Hidup Sederhana Justru Bisa Jadi Bukti Kesejahteraan Hidup, Begini Penjelasannya
Ilustrasi kesejahteraan hidup (Foto Dok. Antara)

Bagikan:

SURABAYA - Orang boleh kaya raya, namun itu bukan patokan kesejahteraan dalam hidup sejati. Justru hidup sederhana jadi tolak ukurnya. Lantas, apa yang jadi patokan terkait kesejahteraan hidup jika bukan kecukupan materi? Apakah kesehatan mental?

Penelitian Kesejahteraan Hidup

Dilansir Psychology Today, menurut penelitian dalam satu dekade terakhir, Amerika Serikat mengalami kenaikan produk domestik bruto tiga kali lipat, tingkat depresi masyarakatnya meningkat sepuluh kali lipat. 
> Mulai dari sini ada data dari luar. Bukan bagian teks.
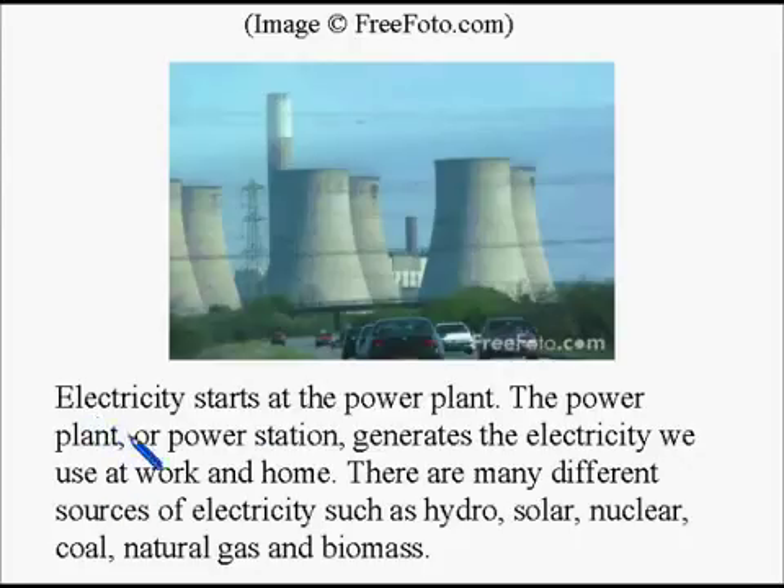Electricity starts at the power plant. The power plant or power station generates the electricity we use at work and home. There are many different sources of electricity such as hydro, solar, nuclear, coal, natural gas, and biomass.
Hasil penelitian tentu cukup mengejutkan. Namun yang lebih mengagetkan lagi ternyata di beberapa negara Amerika Latin, tingkat kekayaan materi relatif rendah tetapi kesejahteraan masyarakatnya tinggi.

Kesejahteraan Rendah

Menurut Steve Taylor, Ph.D., dosen senior psikologi di Leeds Beckett University, orang dengan pandangan hidup materialis tinggi cenderung memiliki tingkat kesejahteraan yang lebih rendah.

Sebaliknya orang yang dengan sukarela hidup sederhana dengan harta yang minimal justru memiliki tingkat kesejahteraan lebih tinggi. Analogi yang bisa mengelaborasi perbedaan tersebut, ketika membeli barang memberikan kebahagiaan dengan cepat, maka keinginan untuk belanja akan lebih besar. Dengan begitu nilai kebahagiaan materi akan semakin berkurang.

Uang dan Kebutuhan Dasar

Dalam kondisi tertentu, uang dapat menghasilkan kesejahteraan terutama untuk memenuhi kebutuhan dasar. Apabila kebutuhan dasar tidak terpenuhi, Anda mungkin terus-menerus mengkhawatirkan situasi keuangan.
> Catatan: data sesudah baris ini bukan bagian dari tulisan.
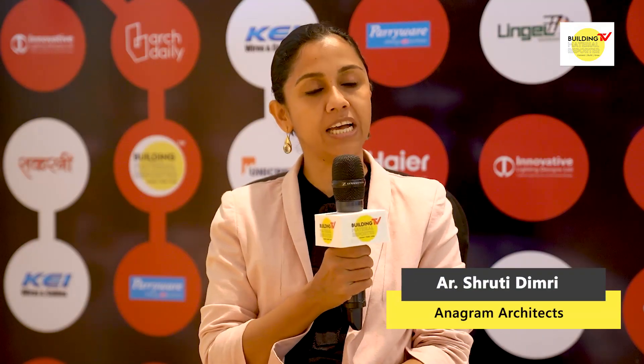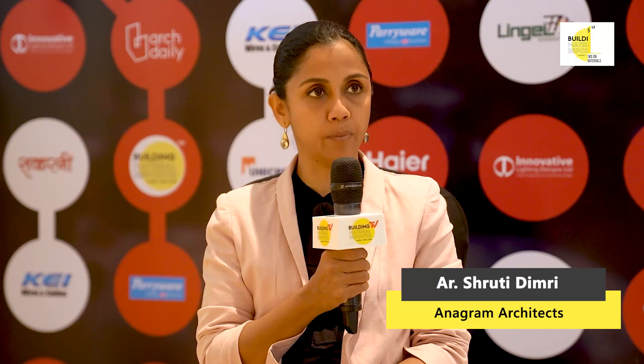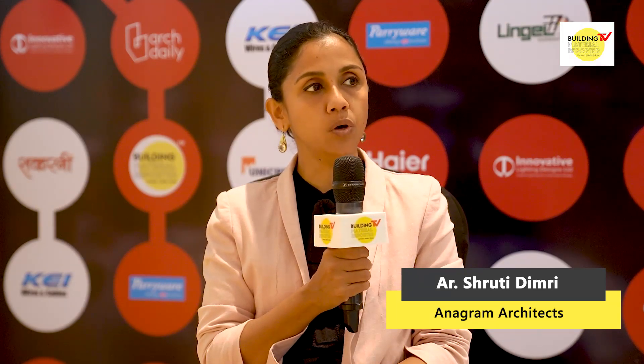You already know my name, Sushruti Dimri. I'm from Anagram Architects. We set up our practice 20 years back, so we've been practicing in Delhi. We do a lot of hospitality work — resorts, hotels — Pan India. We also do a lot of institutional work, so that's the kind of work that we do.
Taylor memberikan analogi lagi, pengejaran kebahagiaan materialistis seperti makan ketika sudah kenyang. Anda bisa makan apa yang disukai, tetapi tidak akan memuaskan bahkan hanya akan merasa kembung dan mual.

Manusia Makhluk yang Berpindah

Para ekonom kerap menunjukkan bahwa membeli, memiliki, dan menginginkan barang lebih dan lebih adalah aluri manusia. Tetapi jika ditelisik sejarah spesies manusia, sebenarnya ini tidak masuk akal.
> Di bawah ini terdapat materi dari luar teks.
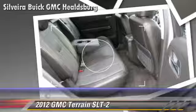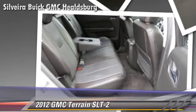Comfort and convenience features include leather seats, parking sensors, and satellite radio. Give us a call to schedule your test drive today.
Karena selama 95 persen waktu, manusia hidup sebagai pemburu dan pengumpul. Kalau hidup semi berpindah-pindah, termasuk dalam sejarah manusia, mengumpulkan harta tidak masuk akal karena akan membebani.

Poin yang sedang Taylor utarakan ialah semakin banyak energi dan perhatian yang difokuskan pada kebahagiaan sesaat, justru tak membuat sejahtera. Karena semakin terobsesi dengan kesenangan singkat mereka justru mengabaikan harmoni batin.